**Exercise requirements**
In the copy, include all of the listing exactly and none of its pictures.
== Data segment
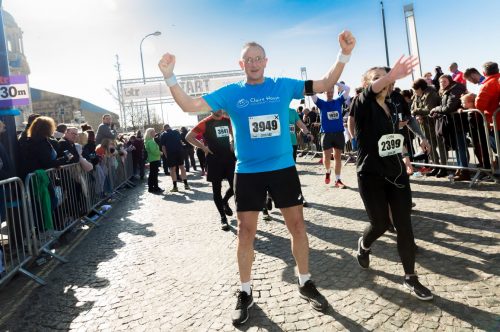 mersey-tunnel-10k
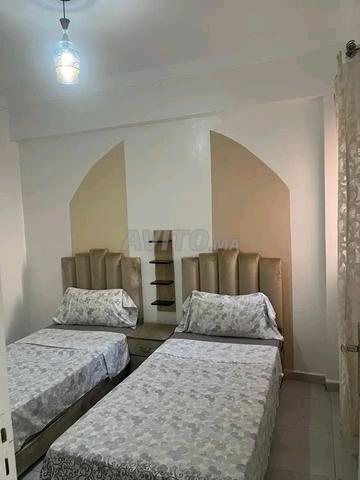 location appartement à Dyour marjan  - 2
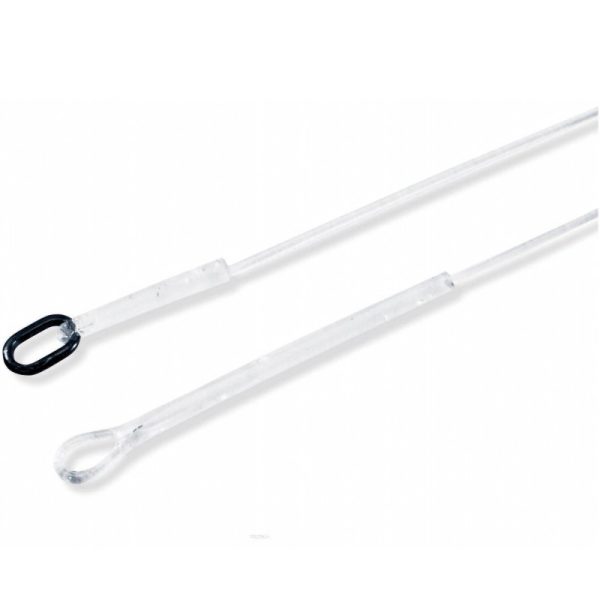 product-22942-image-44066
====
**Final answer**
 mersey-tunnel-10k
 location appartement à Dyour marjan  - 2
 product-22942-image-44066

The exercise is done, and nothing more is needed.